To do: Make an exact copy of the entries below.

Given records:
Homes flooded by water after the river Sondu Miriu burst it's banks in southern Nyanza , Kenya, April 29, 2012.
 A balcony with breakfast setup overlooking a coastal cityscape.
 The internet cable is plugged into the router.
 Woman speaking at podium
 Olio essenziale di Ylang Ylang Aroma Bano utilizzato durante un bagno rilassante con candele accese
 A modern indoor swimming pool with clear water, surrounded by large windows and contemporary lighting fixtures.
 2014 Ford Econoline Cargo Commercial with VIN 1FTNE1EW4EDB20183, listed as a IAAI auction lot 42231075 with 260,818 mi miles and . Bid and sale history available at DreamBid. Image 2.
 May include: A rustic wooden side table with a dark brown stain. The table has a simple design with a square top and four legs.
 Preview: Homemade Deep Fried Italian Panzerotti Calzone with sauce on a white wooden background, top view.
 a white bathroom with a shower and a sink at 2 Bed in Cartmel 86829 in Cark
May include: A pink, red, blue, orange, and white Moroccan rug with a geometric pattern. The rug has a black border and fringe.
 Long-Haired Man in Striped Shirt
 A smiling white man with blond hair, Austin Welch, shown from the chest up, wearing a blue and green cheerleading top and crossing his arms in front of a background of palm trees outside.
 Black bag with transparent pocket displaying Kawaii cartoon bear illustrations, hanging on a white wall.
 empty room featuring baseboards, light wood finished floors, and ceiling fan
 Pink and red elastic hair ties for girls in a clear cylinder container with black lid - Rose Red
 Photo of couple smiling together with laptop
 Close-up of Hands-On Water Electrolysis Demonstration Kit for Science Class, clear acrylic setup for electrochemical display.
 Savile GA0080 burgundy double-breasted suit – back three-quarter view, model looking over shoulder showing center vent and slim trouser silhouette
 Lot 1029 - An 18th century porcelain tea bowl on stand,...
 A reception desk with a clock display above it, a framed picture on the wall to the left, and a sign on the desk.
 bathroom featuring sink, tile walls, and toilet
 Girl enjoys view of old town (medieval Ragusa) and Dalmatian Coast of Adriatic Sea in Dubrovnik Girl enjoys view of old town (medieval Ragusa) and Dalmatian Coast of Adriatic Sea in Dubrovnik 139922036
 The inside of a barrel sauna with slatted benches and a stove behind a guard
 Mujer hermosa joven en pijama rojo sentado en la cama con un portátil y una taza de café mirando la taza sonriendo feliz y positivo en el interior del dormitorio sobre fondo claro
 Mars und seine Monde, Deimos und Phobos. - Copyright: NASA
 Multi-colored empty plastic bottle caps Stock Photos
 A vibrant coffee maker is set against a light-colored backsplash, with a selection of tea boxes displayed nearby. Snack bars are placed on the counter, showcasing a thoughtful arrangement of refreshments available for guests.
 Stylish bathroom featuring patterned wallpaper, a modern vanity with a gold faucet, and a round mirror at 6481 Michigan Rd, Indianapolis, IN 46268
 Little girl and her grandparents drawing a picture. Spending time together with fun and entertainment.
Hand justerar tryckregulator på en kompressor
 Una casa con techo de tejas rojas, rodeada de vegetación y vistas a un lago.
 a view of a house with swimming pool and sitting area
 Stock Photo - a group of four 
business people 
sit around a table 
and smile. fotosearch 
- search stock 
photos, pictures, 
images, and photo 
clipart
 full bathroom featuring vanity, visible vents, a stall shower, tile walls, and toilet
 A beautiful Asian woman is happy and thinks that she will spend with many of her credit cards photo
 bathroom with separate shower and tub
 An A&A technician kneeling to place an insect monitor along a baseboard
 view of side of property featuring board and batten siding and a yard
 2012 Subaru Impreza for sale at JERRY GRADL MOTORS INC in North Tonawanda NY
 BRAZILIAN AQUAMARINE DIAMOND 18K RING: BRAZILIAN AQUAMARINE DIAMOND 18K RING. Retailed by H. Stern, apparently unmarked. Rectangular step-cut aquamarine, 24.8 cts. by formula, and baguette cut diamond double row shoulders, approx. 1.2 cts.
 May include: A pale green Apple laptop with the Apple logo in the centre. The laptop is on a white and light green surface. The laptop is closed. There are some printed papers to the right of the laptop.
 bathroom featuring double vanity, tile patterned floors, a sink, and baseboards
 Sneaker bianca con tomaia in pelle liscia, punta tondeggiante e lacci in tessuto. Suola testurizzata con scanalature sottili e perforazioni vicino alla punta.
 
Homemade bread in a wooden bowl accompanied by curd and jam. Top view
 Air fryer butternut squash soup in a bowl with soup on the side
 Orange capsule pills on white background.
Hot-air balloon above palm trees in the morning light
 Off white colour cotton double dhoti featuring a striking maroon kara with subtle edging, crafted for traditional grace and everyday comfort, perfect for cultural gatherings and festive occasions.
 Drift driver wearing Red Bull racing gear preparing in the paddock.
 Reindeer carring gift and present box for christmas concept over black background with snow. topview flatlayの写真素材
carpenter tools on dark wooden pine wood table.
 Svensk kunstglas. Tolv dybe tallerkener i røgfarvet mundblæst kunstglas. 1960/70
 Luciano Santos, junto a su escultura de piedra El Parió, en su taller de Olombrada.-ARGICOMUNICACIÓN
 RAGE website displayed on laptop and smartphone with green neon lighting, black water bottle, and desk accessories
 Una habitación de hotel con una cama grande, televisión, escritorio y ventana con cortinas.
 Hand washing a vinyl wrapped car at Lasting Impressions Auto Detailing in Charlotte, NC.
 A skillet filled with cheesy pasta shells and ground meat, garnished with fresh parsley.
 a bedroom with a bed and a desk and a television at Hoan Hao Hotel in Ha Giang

Answer:
Homes flooded by water after the river Sondu Miriu burst it's banks in southern Nyanza , Kenya, April 29, 2012.
 A balcony with breakfast setup overlooking a coastal cityscape.
 The internet cable is plugged into the router.
 Woman speaking at podium
 Olio essenziale di Ylang Ylang Aroma Bano utilizzato durante un bagno rilassante con candele accese
 A modern indoor swimming pool with clear water, surrounded by large windows and contemporary lighting fixtures.
 2014 Ford Econoline Cargo Commercial with VIN 1FTNE1EW4EDB20183, listed as a IAAI auction lot 42231075 with 260,818 mi miles and . Bid and sale history available at DreamBid. Image 2.
 May include: A rustic wooden side table with a dark brown stain. The table has a simple design with a square top and four legs.
 Preview: Homemade Deep Fried Italian Panzerotti Calzone with sauce on a white wooden background, top view.
 a white bathroom with a shower and a sink at 2 Bed in Cartmel 86829 in Cark
May include: A pink, red, blue, orange, and white Moroccan rug with a geometric pattern. The rug has a black border and fringe.
 Long-Haired Man in Striped Shirt
 A smiling white man with blond hair, Austin Welch, shown from the chest up, wearing a blue and green cheerleading top and crossing his arms in front of a background of palm trees outside.
 Black bag with transparent pocket displaying Kawaii cartoon bear illustrations, hanging on a white wall.
 empty room featuring baseboards, light wood finished floors, and ceiling fan
 Pink and red elastic hair ties for girls in a clear cylinder container with black lid - Rose Red
 Photo of couple smiling together with laptop
 Close-up of Hands-On Water Electrolysis Demonstration Kit for Science Class, clear acrylic setup for electrochemical display.
 Savile GA0080 burgundy double-breasted suit – back three-quarter view, model looking over shoulder showing center vent and slim trouser silhouette
 Lot 1029 - An 18th century porcelain tea bowl on stand,...
 A reception desk with a clock display above it, a framed picture on the wall to the left, and a sign on the desk.
 bathroom featuring sink, tile walls, and toilet
 Girl enjoys view of old town (medieval Ragusa) and Dalmatian Coast of Adriatic Sea in Dubrovnik Girl enjoys view of old town (medieval Ragusa) and Dalmatian Coast of Adriatic Sea in Dubrovnik 139922036
 The inside of a barrel sauna with slatted benches and a stove behind a guard
 Mujer hermosa joven en pijama rojo sentado en la cama con un portátil y una taza de café mirando la taza sonriendo feliz y positivo en el interior del dormitorio sobre fondo claro
 Mars und seine Monde, Deimos und Phobos. - Copyright: NASA
 Multi-colored empty plastic bottle caps Stock Photos
 A vibrant coffee maker is set against a light-colored backsplash, with a selection of tea boxes displayed nearby. Snack bars are placed on the counter, showcasing a thoughtful arrangement of refreshments available for guests.
 Stylish bathroom featuring patterned wallpaper, a modern vanity with a gold faucet, and a round mirror at 6481 Michigan Rd, Indianapolis, IN 46268
 Little girl and her grandparents drawing a picture. Spending time together with fun and entertainment.
Hand justerar tryckregulator på en kompressor
 Una casa con techo de tejas rojas, rodeada de vegetación y vistas a un lago.
 a view of a house with swimming pool and sitting area
 Stock Photo - a group of four 
business people 
sit around a table 
and smile. fotosearch 
- search stock 
photos, pictures, 
images, and photo 
clipart
 full bathroom featuring vanity, visible vents, a stall shower, tile walls, and toilet
 A beautiful Asian woman is happy and thinks that she will spend with many of her credit cards photo
 bathroom with separate shower and tub
 An A&A technician kneeling to place an insect monitor along a baseboard
 view of side of property featuring board and batten siding and a yard
 2012 Subaru Impreza for sale at JERRY GRADL MOTORS INC in North Tonawanda NY
 BRAZILIAN AQUAMARINE DIAMOND 18K RING: BRAZILIAN AQUAMARINE DIAMOND 18K RING. Retailed by H. Stern, apparently unmarked. Rectangular step-cut aquamarine, 24.8 cts. by formula, and baguette cut diamond double row shoulders, approx. 1.2 cts.
 May include: A pale green Apple laptop with the Apple logo in the centre. The laptop is on a white and light green surface. The laptop is closed. There are some printed papers to the right of the laptop.
 bathroom featuring double vanity, tile patterned floors, a sink, and baseboards
 Sneaker bianca con tomaia in pelle liscia, punta tondeggiante e lacci in tessuto. Suola testurizzata con scanalature sottili e perforazioni vicino alla punta.
 
Homemade bread in a wooden bowl accompanied by curd and jam. Top view
 Air fryer butternut squash soup in a bowl with soup on the side
 Orange capsule pills on white background.
Hot-air balloon above palm trees in the morning light
 Off white colour cotton double dhoti featuring a striking maroon kara with subtle edging, crafted for traditional grace and everyday comfort, perfect for cultural gatherings and festive occasions.
 Drift driver wearing Red Bull racing gear preparing in the paddock.
 Reindeer carring gift and present box for christmas concept over black background with snow. topview flatlayの写真素材
carpenter tools on dark wooden pine wood table.
 Svensk kunstglas. Tolv dybe tallerkener i røgfarvet mundblæst kunstglas. 1960/70
 Luciano Santos, junto a su escultura de piedra El Parió, en su taller de Olombrada.-ARGICOMUNICACIÓN
 RAGE website displayed on laptop and smartphone with green neon lighting, black water bottle, and desk accessories
 Una habitación de hotel con una cama grande, televisión, escritorio y ventana con cortinas.
 Hand washing a vinyl wrapped car at Lasting Impressions Auto Detailing in Charlotte, NC.
 A skillet filled with cheesy pasta shells and ground meat, garnished with fresh parsley.
 a bedroom with a bed and a desk and a television at Hoan Hao Hotel in Ha Giang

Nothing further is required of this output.